The idea that in-person work can, at times, reduce productivity is supported by some self-reported employee data. An Eagle Hill (2023) survey of 1,350 randomly sampled employees across the U.S. found that employees favored remote work for tasks that required deep thinking and research and favored in-person work for onboarding or managing team members. Employees were almost evenly divided when asked whether they’d be more productive spending a full vs partial day in the office if they were required to go in. Giving employees the flexibility to work in the environment that’s most conducive to their productivity will be more effective than trying to enforce a blanket in-person policy.
Error 3: Failing to pair RTO mandates with a proactive engagement strategy.
To make sure employees are abiding by RTO requirements, many companies are planning some sort of accountability strategy. Accountability usually involves at least two components. The first is measurement, to get a read on how often the behavior of interest is happening. The second is consequences, to increase or decrease the probability of that behavior happening again. Applied to an RTO context, this usually looks like measuring whether people show up in person and arranging punishment/discipline for people that fail to meet expectations.
This sort of accountability strategy alone is problematic for several reasons. Employees reluctant to return are likely to resent the idea that their boss is keeping a close eye on badge swipes or desk sensors. Leaders in general already default to providing negative consequences for underperformance and ignoring satisfactory performance. An influx of attendance data is likely to correspond with an uptick in punishment, eroding relationships and fostering distrust. When attendance measurements do reflect expectations, there’s no guarantee that will translate into meaningful improvements in results. Don’t be surprised when people pop in just to show face and resist any future attempts at performance measurement with all their might.
Instead, consider developing a proactive engagement or positive accountability strategy. Give people a reason to come in more often outside of just escaping or avoiding punishment. This can begin with imagining yourself in an employee’s shoes and conducting a systematic analysis of the positives and negatives they experience staying at home versus coming into the office. If you find the scales tipped in the negative direction (from their perspective, not yours) arrange for more positive consequences in their work environment.

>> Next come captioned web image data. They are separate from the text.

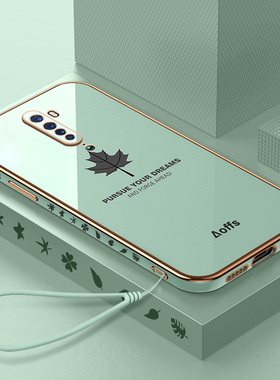 适用opporeno2手机壳oppo保护reno2z硅胶套opporenoz镜头全包opopreno1防摔opporeon男女oppreno超薄软壳外壳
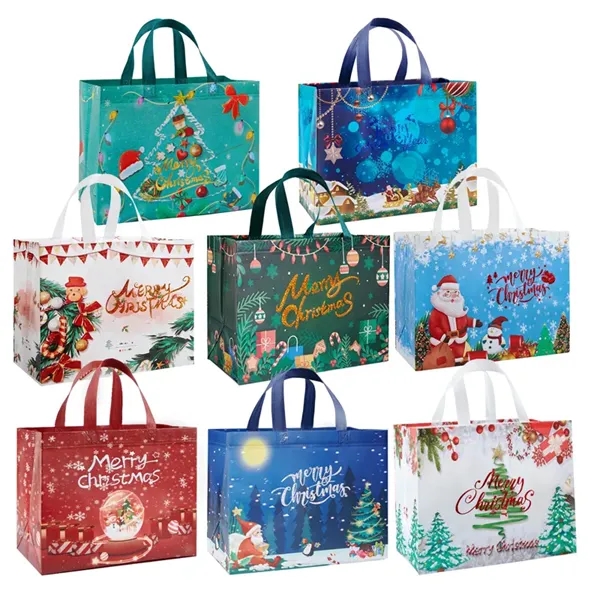 Christmas Gift Bags - Christmas Gift Bags - Image 0 of 3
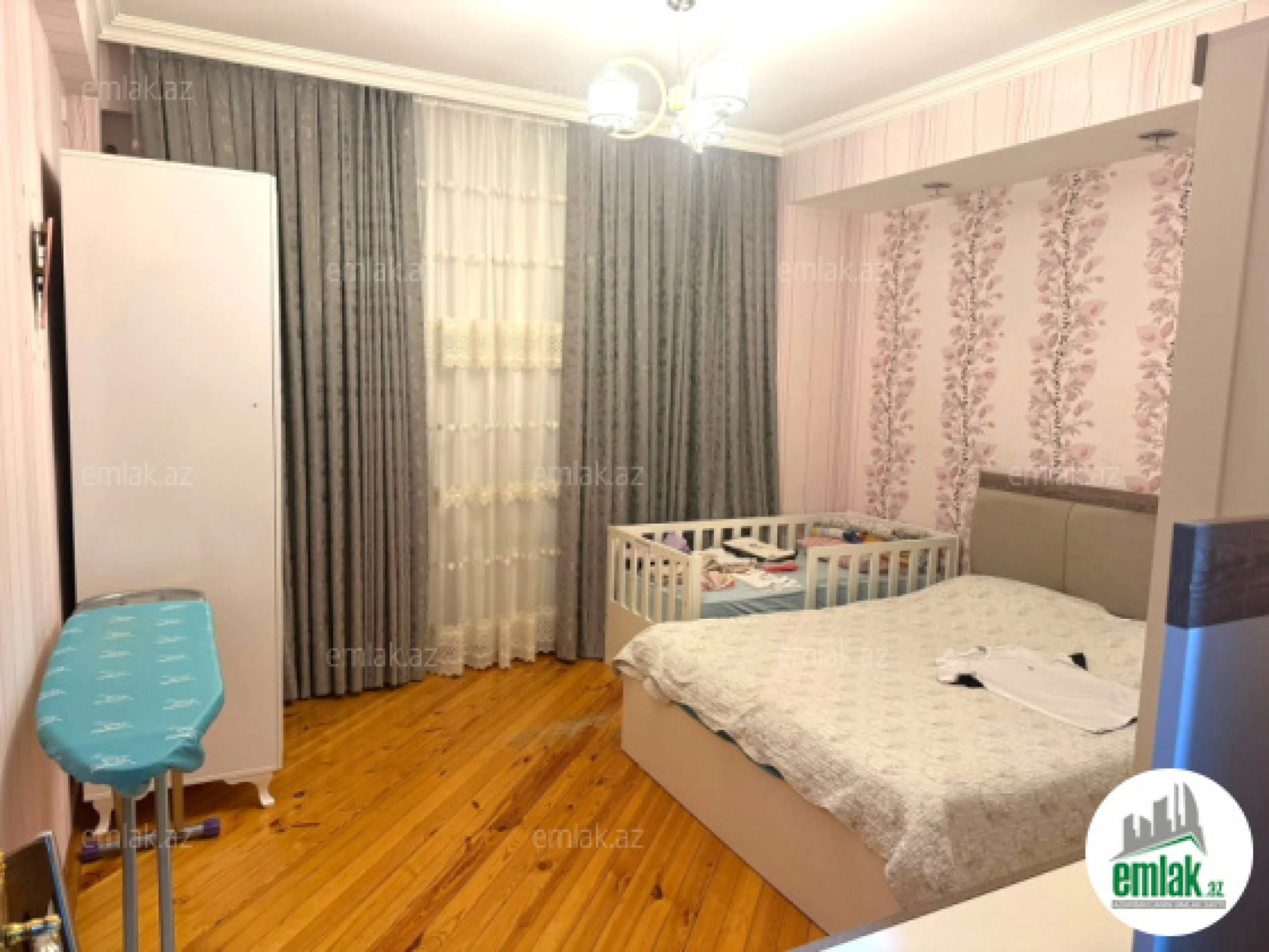 Satılır 2 otaqlı yeni tikili 85 m²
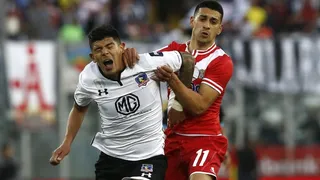 Colo Colo confirmó que Esteban Pavez estará cuatro semanas fuera de las canchas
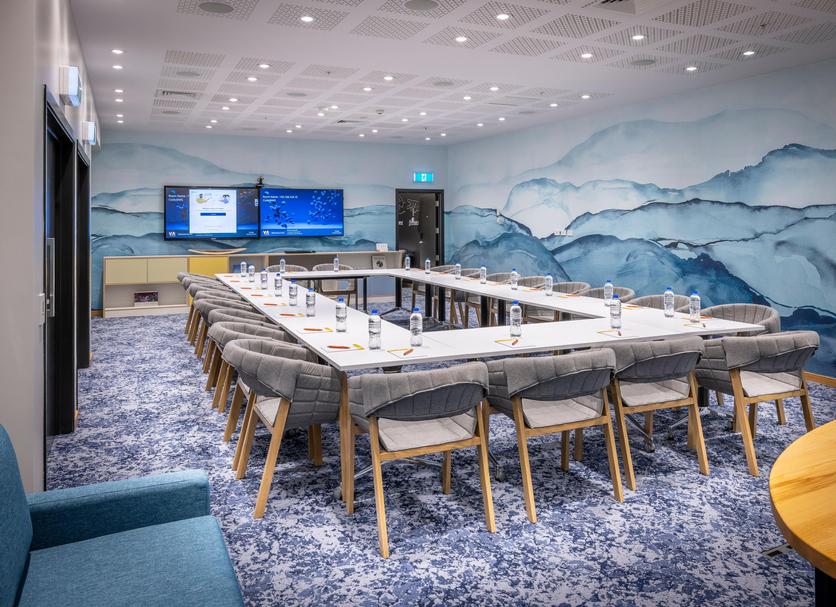 Conference room Photo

No, this doesn’t just mean pizza, coffee, donuts, or compulsory team happy hours. Start by expressing genuine praise and appreciation for making the change. Point out the specific benefits that a return to in-person work has produced if those results are opaque to the employee. Better yet, ask what positives they are starting to notice and point out improvements that you’ve noticed (even if small). Coach them to become more attuned to how the change is improving their performance or career trajectory. We all have different motivators and preferences, so knowing your team and customizing your engagement approach based on the individual is key.
The return to in-person work remains a complex challenge for many organizations in 2024, and it’s clear that there’s no one-size-fits-all solution. As organizations shift to a more assertive, do it or else approach, the responsibility falls to leaders to see it through. Using sincere and transparent communication, considering the nuances of productivity in the workplace, and pairing mandates with a positive engagement strategy can reduce the fallout from using negative consequences and help employees experience some of the real benefits.